I have been engaged to my fiance for 10 months now. We have our days where I question whether or not I am making the right decision, but everyone just tells me that it's cold feet and it's normal, and that most people feel this way before getting married.
So I started to pray to God to show me that I was making the right decision. The first time I prayed that prayer, there was a mix up with our wedding venue, so we had to move the date back a few months. I didn't take it as anything major. Definitely not a sign from God.
Now my sister has just passed away from Leukemia. I have been awarded custody of her daughter (my niece). She only had the one child. She's 10. I'm the only family this little girl has. She lost her father when she was just 8 months old, My mom is deceased and our dad walked out on my mom, my sister, and I when I was just a little girl.
I love my niece with all my heart as if she were my own and I promised my sister that I would take care of her baby.

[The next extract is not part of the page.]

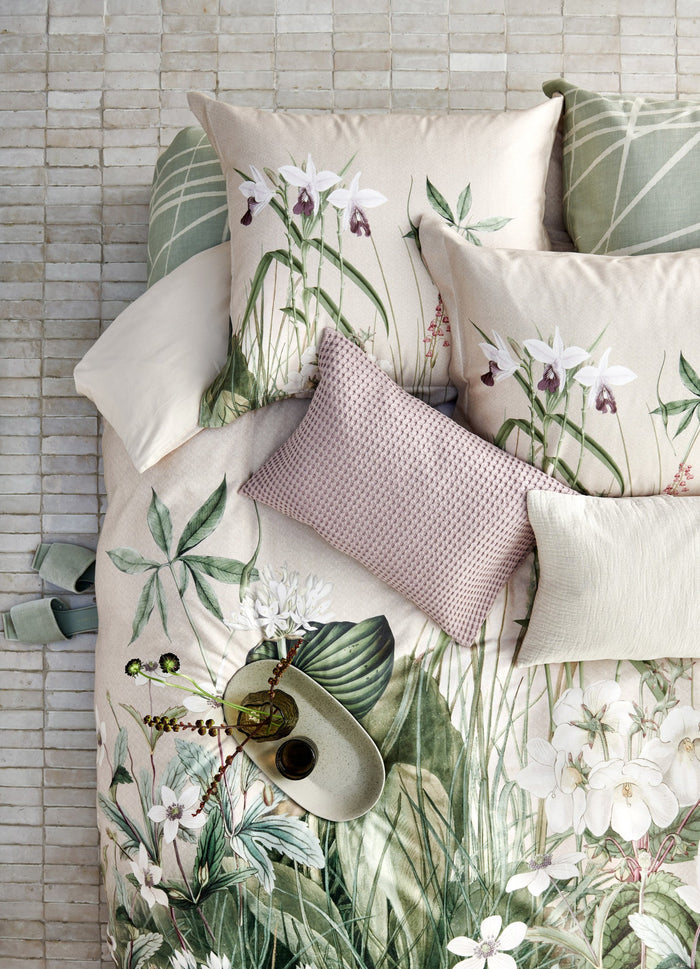 Dekbedovertrek Meaningful Smoke Green | 240 cm x 240 cm | Groen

The problem is that my fiance has a felony. I cannot become her legal guardian if an ex felon lives in the same household. We don't live together yet, but when we get married, what will happen?
I cannot lose my niece. I cannot send her away to live with strangers. She has been through enough.
Is this another sign from God? I don't know what to think. I waited so long for this man. I really don't want to believe that this is not the man God has for me.
I don't think I can wait another 5 years. Prayers and advice are welcome.